The  characteristic orbit will be almost polar (i=89.0°) and near circular (e<0.005) starting with an initial altitude between 485 and 500 km. The anticipated lifetime for scientific operations is 5 years.

The near-polar orbit was chosen to get a homogeneous and  global coverage of the Earth's sphere which is necessary for a precise estimate of the gravitational geopotential.  The advantage of the  89.5° orbit vs. a dawn-dusk sun-synchroneous orbit is the local time variation of the satellite's ground tracks which is essential  for the separation of constituents of periodic phenomena like tides or day-night variations of the atmosphere.

An  initial altitude of about 485 - 500 km was chosen (a) in order to guarantee a multi-year mission duration even under severe solar activity conditions and (b) to get a good compromise between  gravity field solutions, which desire an even lower altitude, and atmospheric/ionospheric applications, which  in contrast would benefit from an higher altitude.

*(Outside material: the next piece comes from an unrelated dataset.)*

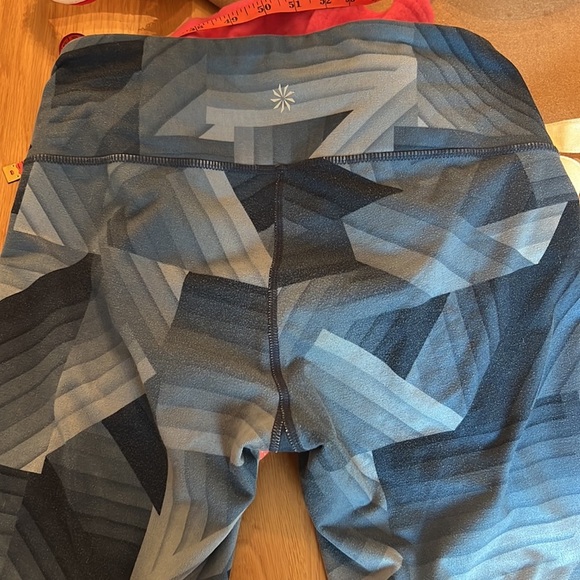 Athleta blue‎ geometric leggings - Picture 5 of 5
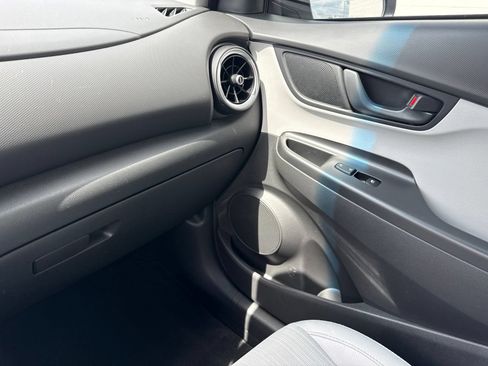 Certified 2023 Hyundai Kona SEL FWD image 28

Due to atmospheric drag the altitude of the GRACE satellites will  decrease over the 5 years mission duration. As GRACE will be launched around the next solar activity maximum, the predicted natural decay depends on the magnitude of the actual solar activity cycle and may amount to more than 200 km (high activity) or only 50 km (low activity). In order to ensure the mission lifetime of 5 years, the altitudes of both satellites may be re-boosted once, if deemed to be necessary.

GRACE decay scenario

During science data collection the satellites will be nominally Earth oriented. For precise pointing of the two K-band ranging system antenae both satellites have to be pitched by about -1°.  This causes drag force differences which  result in along-track separation changes. Therfore station-keeping manouvres will be carried out every 30 - 60 days to keep the two satellites at their nominal  separation of  220 ± 50 km. To ensure the uniform exposure and aging of the K-band antennae the leading and the trailing satellite will be exchanged once during the mission.

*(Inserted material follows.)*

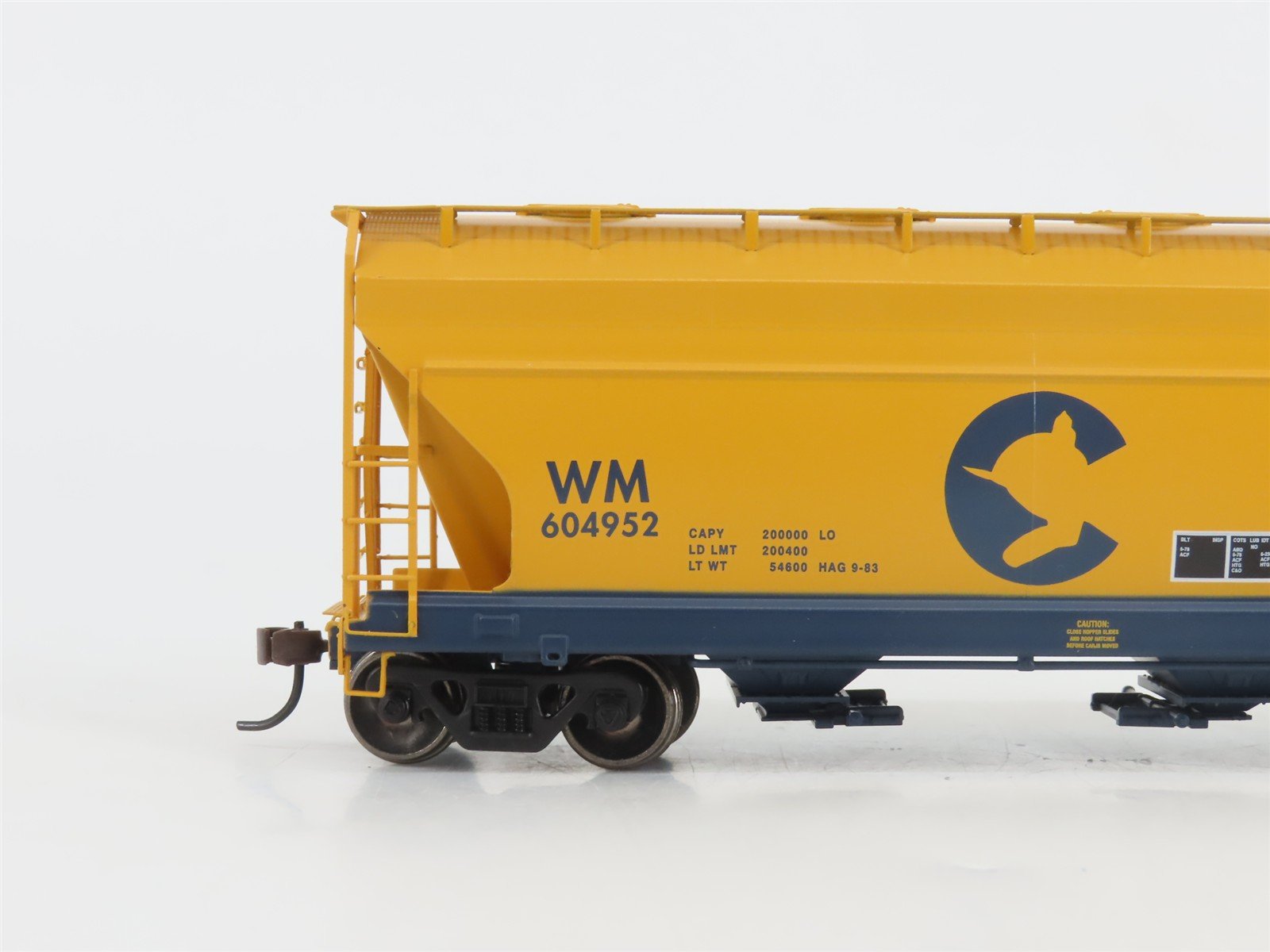 HO Scale Athearn 93935 WM Chessie System ACF 2970 2-Bay Covered Hopper #604952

The payload and sub-system data collected onboard GRACE amount to about 100 MB per day (tbc) which will be downloaded during  4-5 passes per day to DLR's ground receiving stations in Neustrelitz and Weilheim. Mission operations and satellite control will be performed by the German Space Operation Center (GSOC) in Oberpfaffenhofen. For further information please refer to the descripion of the Mission Operation System (MOS).

The GRACE mission shall be divided into five different phases:

The Pre-Launch Phase lasts up to the launch of  the satellites. During this phase the satellites, the instruments and the ground systems will be designed, integrated and tested.

The Launch and Early Operations Phase (LEOP) starts at time of launch and ends when the following conditions are fulfilled:

1. both satellites are in safe, stable orbits, approximately 220 km apart, with no danger of collision with each other, with the launch vehicle, or with co-passenger satellites,
2. both satellites have attained nominal attitude control ,
3. nominal uplink and downlink communications are achieved with GSOC stations and
4. no anomalies exist that pose a near-term threat to the mission.

In the absence of major unexpected events, the LEOP should be completed within the first 5 - 10 days after launch

Following LEOP a Commssioning Phase starts in which initial power-up and evaluation of the science instruments is performed. Additionally the SST link will be established , the center-of-mass offsets in all three axis will be calibrated and trimed, and - if necessary - software patches and parameter updates commanded.

Then the mission will enter a 6 months Validation Phase focussed on providing an end-to-end characterization of the science instrument and data systems. The following activities occur during this phase:

1. continuous record and downlink of science data, data flow problems resolved,
2. K-band ranging boresight is calibrated and verified,
3. precise orbit solutions are obtained and verified using SLR data,
4. initial gravity field solutions and accelerometer calibration are derived and
5. these gravity field solutions will be verified by internal consistency checks and compared with in-situ data.

Afterwards the science data will be routinely gathered in the Observational Phase which lasts until the end of the mission, with the exception of brief periods for orbit maintanance and instrument re-calibrations.